BEGIN Records provided

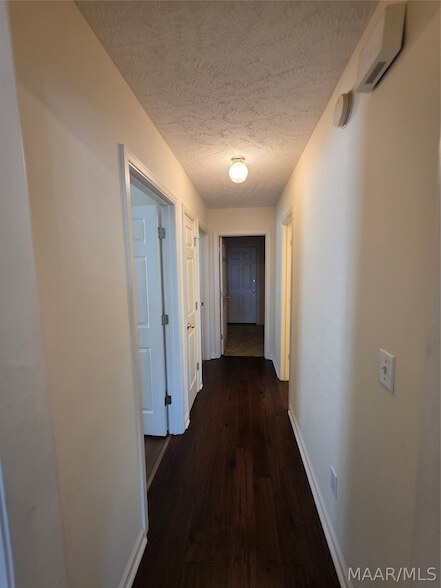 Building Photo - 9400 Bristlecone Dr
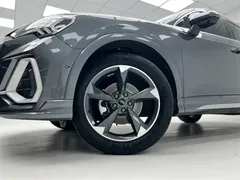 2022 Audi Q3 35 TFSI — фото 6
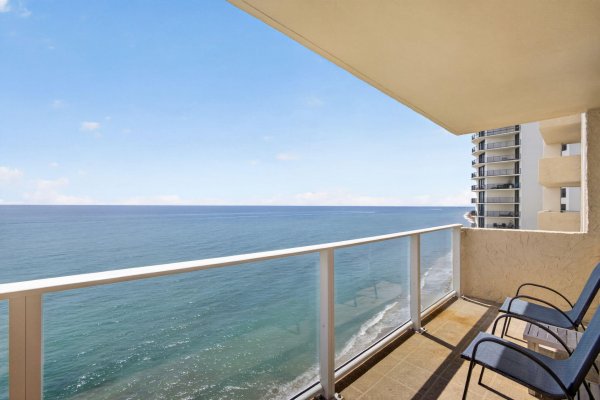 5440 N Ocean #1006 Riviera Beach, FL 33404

END Records provided
BEGIN Records provided

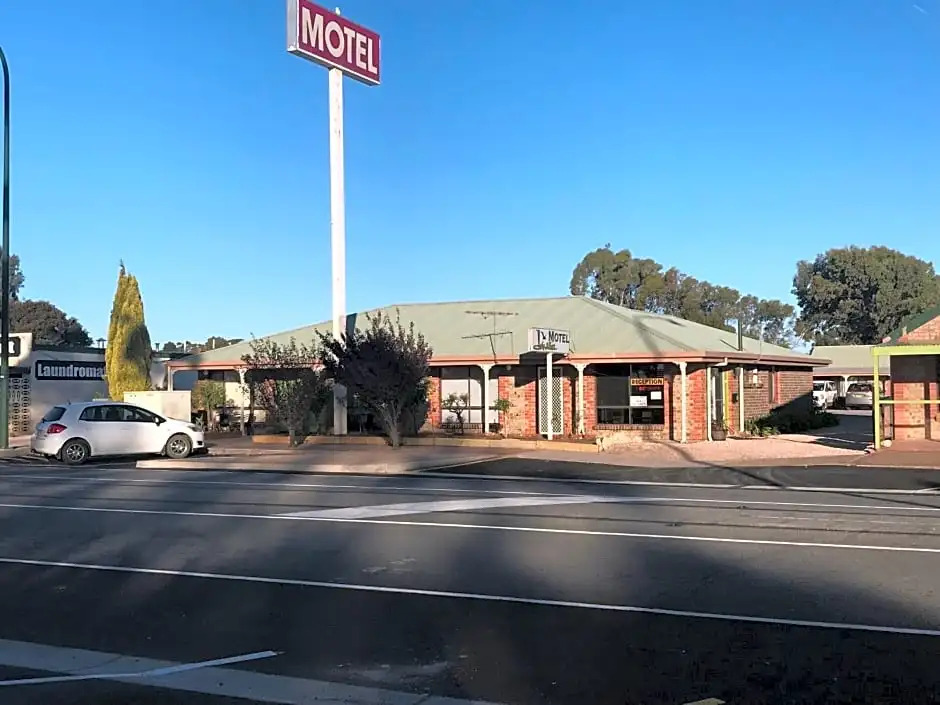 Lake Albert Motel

END Records provided

What the exercise asks:
Leaving out all pictures, set down exactly the lines of the material above, from the line with "Building Photo - 9400 Bristlecone Dr" to the line with "5440 N Ocean #1006 Riviera Beach, FL 33404" inclusive, and no others.

Answer section:
 Building Photo - 9400 Bristlecone Dr
 2022 Audi Q3 35 TFSI — фото 6
 5440 N Ocean #1006 Riviera Beach, FL 33404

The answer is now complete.